Daumas, Melchior Joseph Eugene. Les chevaux du Sahara et les moeurs du désert [...].

Paris, Michel Lévy frères, 1858.

8vo. (4), II, 3-438 pp. Original printed wrappers of the identical fourth edition.

 350,00

Fifth edition of General Daumas' work on all aspects of the Arabian horses of the Sahara desert. With commentary by the Algerian Sufi saint and military and religious leader Abd-el-Kader (1808-83), the Emir of Mascara who founded the Algerian state and led the Algerians in their struggle against French domination, and in 1847 was imprisoned with his family by the French government in the fortress of Lamalgue in Toulon.

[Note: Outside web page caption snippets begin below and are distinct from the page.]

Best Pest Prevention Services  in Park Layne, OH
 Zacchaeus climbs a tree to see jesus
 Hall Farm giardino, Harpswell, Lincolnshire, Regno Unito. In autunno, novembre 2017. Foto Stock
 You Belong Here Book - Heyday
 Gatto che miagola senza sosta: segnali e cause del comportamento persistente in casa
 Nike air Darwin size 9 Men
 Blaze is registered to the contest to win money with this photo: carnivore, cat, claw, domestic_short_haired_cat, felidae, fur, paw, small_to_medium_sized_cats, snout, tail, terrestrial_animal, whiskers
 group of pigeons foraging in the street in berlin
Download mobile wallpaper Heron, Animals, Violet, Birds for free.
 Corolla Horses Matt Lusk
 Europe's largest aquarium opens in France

Divided into two parts, the book includes extensive information on the principles of Arabian cavalry, military costumes of horsemen, celebrated Arabian horse breeds (Haymour, Bou-ghareb, Meizique), how to choose and acquire one's horse, nutrition, hygiene, the meaning of the variously coloured equestrian attires, rigging, veterinarian medicine and illnesses, crippled horses, castration, various kinds of military attacks in the desert and how to execute them, tribal wars, as well as ostrich, gazelle, and falcon hunting.

Daumas (1803-71), a French general of the first cavalry division, was posted to Algeria in 1835, which Charles X had invaded five years previously. Daumas participated in 18 Algerian campaigns, including those of Mascara and Tlemcen. Between 1837 and 1839, Daumas resided in Mascara as consul and personally got to know the Emir of Mascara. While in Algeria, Daumas learned the Arabic language and became one of the French army's leading experts on Arab culture in North Africa. Tribesmen came to respect him for his skills on horseback. In April 1850 he became director of Algerian affairs at the Ministry of War in Paris.

Contemporary handwritten ownership by the French scholar Paulin Malosse to half-title. Occasional light foxing. A fine copy of this equestrian classic.

Literatur

Mennessier de la Lance I, 349. Huth 178. Boyd/P. 33. Cf. Gay 1524. Not in Podeschi.